Fig. 7 is the frame according to the prediction meanss of another object type shown in one exemplary embodiment of the embodiment of the present application Figure;
Fig. 8 is a kind of prediction meanss for object type shown according to one exemplary embodiment of the embodiment of the present application One structural schematic diagram.
Specific implementation mode
Example embodiments are described in detail here, and the example is illustrated in the accompanying drawings.Following description is related to When attached drawing, unless otherwise indicated, the same numbers in different drawings indicate the same or similar elements.Following exemplary embodiment Described in embodiment do not represent all embodiments consistent with the embodiment of the present application.On the contrary, they be only with The example of as detailed in the attached claim, the embodiment of the present application the consistent device and method of some aspects.

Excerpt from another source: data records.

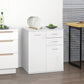High Gloss Sideboard with 2 Drawers and 2 Doors, Buffet Cabinet with Adjustable Shelf, Coffee Bar Cabinet with Storage, White
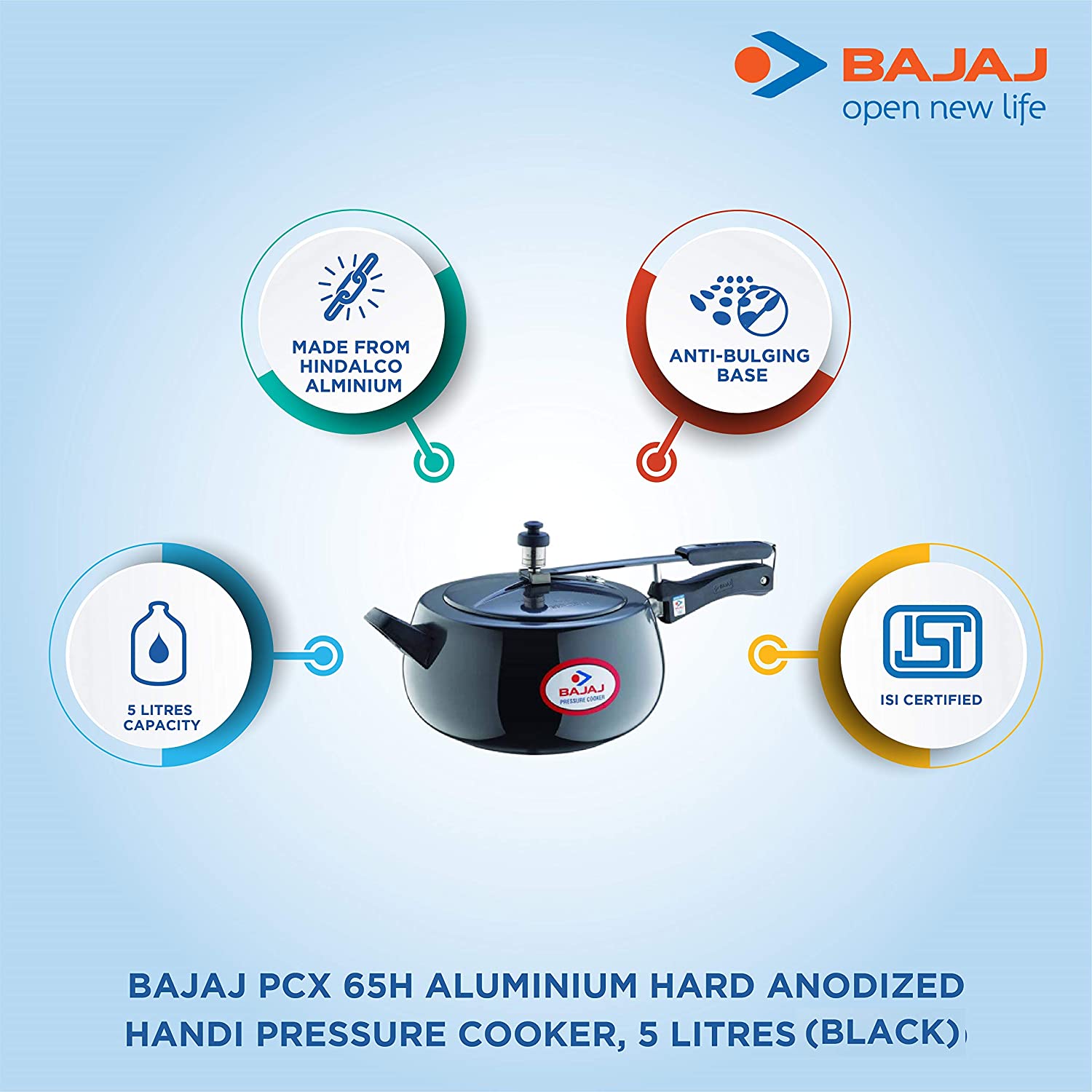 Bajaj PCX 65H, 5 LTR, Aluminium Handi Pressure Cooker (Black, ISI Certified)
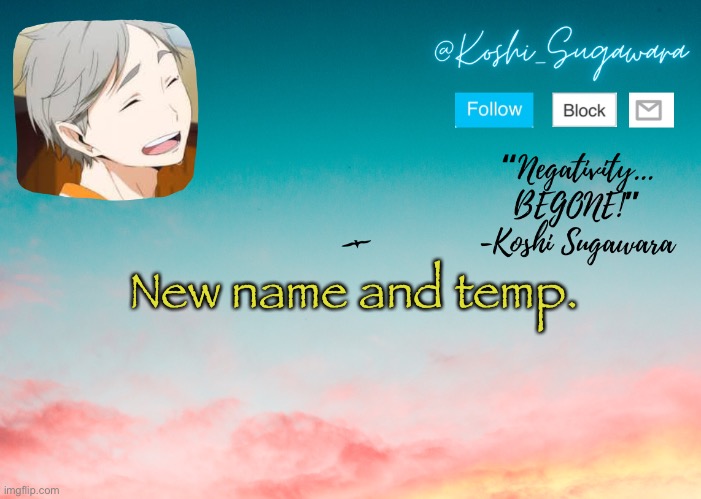Lol | New name and temp. | image tagged in koshi temp | made w/ Imgflip meme maker
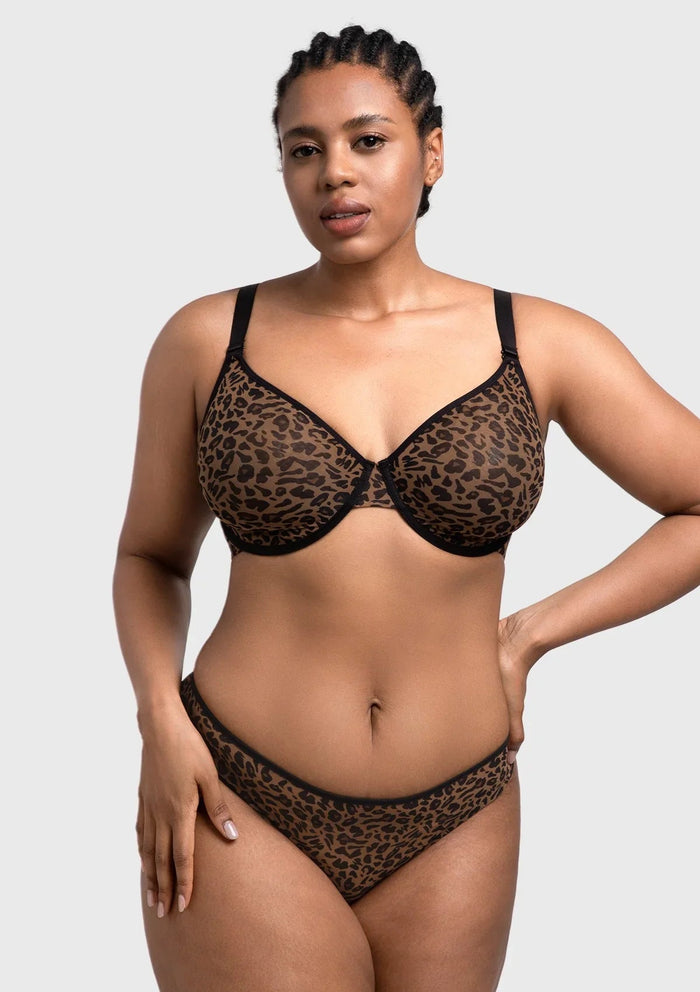 HSIA Leopard wild Unlined Plus Size Breathable Soft Mesh No Padding Underwire Bra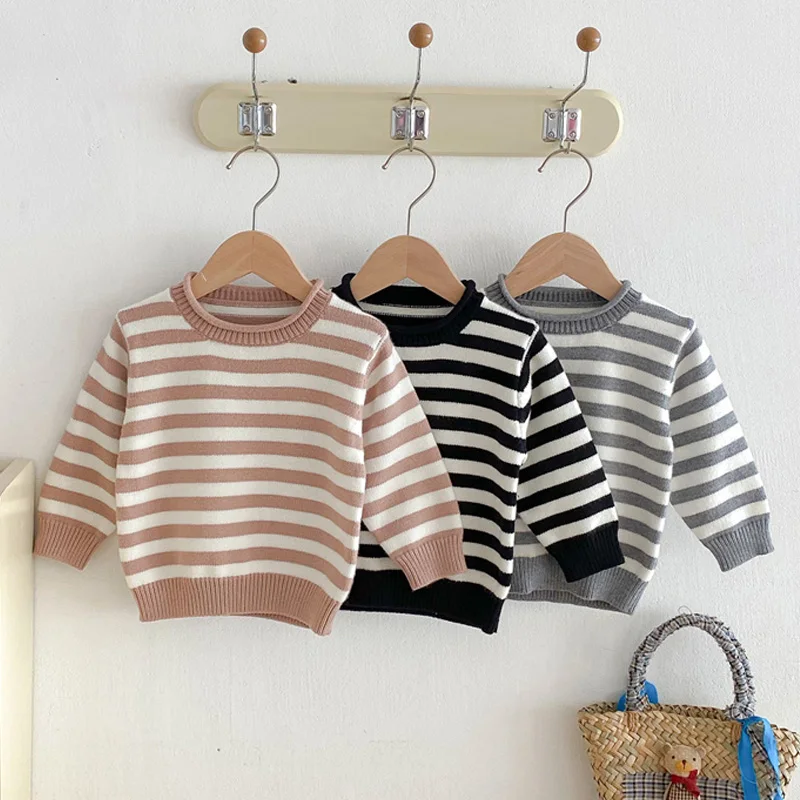 الأطفال محبوك سترة الفتيان الفتيات مخطط البلوز الاطفال الخريف الشتاء سترة أنيقة تحمل شعار لعبة البيسبول طفل ملابس دافئة غير رسمية 1-6Y #2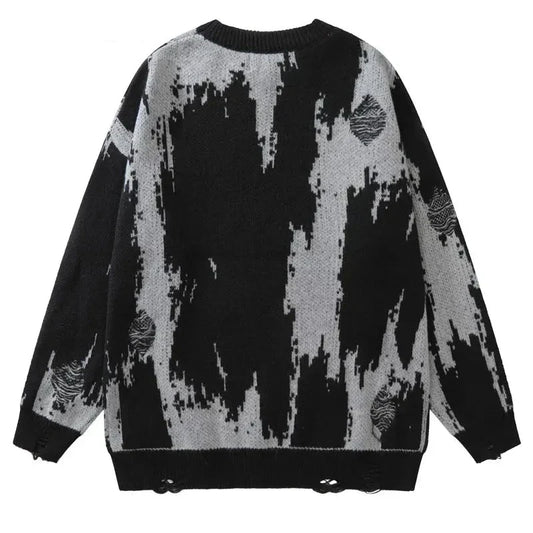 Ripped Sweater - Goth Knitted Unisex Pullover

It is the purpose only merely for description specific embodiment in the term that the embodiment of the present application uses, is not intended to be limiting this Apply for embodiment.The embodiment of the present application and the "an" of singulative used in the attached claims, " described " and "the" is also intended to including most forms, unless context clearly shows that other meanings.It is also understood that art used herein Language "and/or" refer to and include one or more associated list items purposes any or all may combine.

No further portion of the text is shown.